Vous vous êtes fait remarquer par des prises de position quelque peu iconoclastes dans la presse japonaise lors de la dernière Coupe du monde en Afrique du Sud…
J’ai critiqué l’équipe et applaudi la défaite. Il fallait bien ça, surtout dans un pays comme le Japon où les spécialistes eux-mêmes ne comprennent rien. Ils disaient vraiment trop de conneries, alors j’ai voulu qu’ils la ferment, voilà. De la Coupe du monde, j’ai aimé le boycott des joueurs de l’équipe de France… Extraordinaire. Magnifique. Enfin des joueurs qui ont pu dire qu’ils n’adhéraient pas à ce que les instances fédérales avaient décidé.

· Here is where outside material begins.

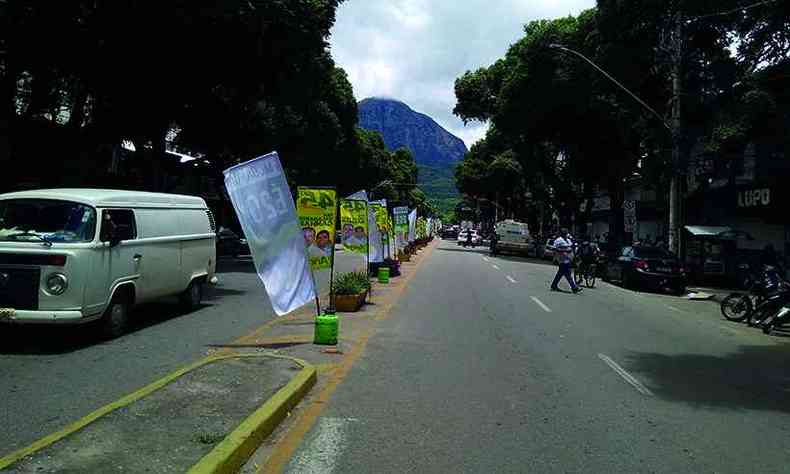 bandeiras de Andr Merlo (PSDB) e DR. Luciano (PSC) enfileiradas na Avenida Minas Gerais, em Valadares(foto: Tim Filho)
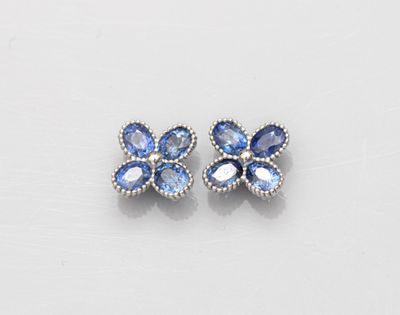 une paire de boucles d'oreilles en saphir bleu et diamants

Franchement, félicitations à eux, il fallait du courage. Ils n’avaient rien à y gagner, et d’ailleurs ils n’y ont rien gagné. En France, j’ai l’impression que les gens se révoltent en général plus qu’ailleurs. Sinon dans l’ensemble, j’ai trouvé que la Coupe du monde ressemblait vraiment à une guerre, dans le sens où tout le monde dans chaque pays était sous tension.
C’est-à-dire ?
Angela Merkel qui vient en Afrique du Sud pour soutenir son équipe et représenter le pays, ça dépasse le sport. Et puis j’ai remarqué que les gens qui font la guerre aujourd’hui ont à peu près l’âge des joueurs. Dans les deux cas, ce sont des jeunes gens sérieux, calmes et plus disciplinés que la moyenne. J’ai aussi une théorie concernant l’influence des guerres en Europe sur l’évolution des commentaires sportifs. Regardez : n’importe quel crétin qui prend le micro utilise aujourd’hui le vocabulaire du combat, c’est ridicule… Ils parlent, mais ils ne savent même pas filmer les blessures.
Pourquoi ?
Il faudrait montrer du sang ? Non, mais montrer quelque chose d’un peu plus subjectif que ce qu’on voit. Moi, si je devais raconter une histoire de football, je ferais un film où une femme superbe entrerait dans un vestiaire de foot pour rendre les joueurs impuissants, voire les violer et les tuer. La scène aurait lieu juste avant le match, pour que les joueurs soient affaiblis et qu’ils ne puissent plus courir. Toute cette puissance qui disparaîtrait d’un coup, ça serait vachement intéressant. De toute façon aujourd’hui, les mecs filment quoi ? Les grands joueurs ? Il n’y a pas trop d’intérêt. Maradona est un être humain normal, c’est pour cela qu’il a toujours réagi à ce qui lui est arrivé de cette manière. Il y a aussi l’histoire de l’enfant pauvre qui n’est rien socialement et qui va permettre de changer le destin de son pays et d’aller au-delà ; mais ce n’est jamais comme ça que les joueurs de football se comportent. Financer les pauvres, les joueurs n’y pensent pas vraiment. Ils ne pensent qu’à gagner.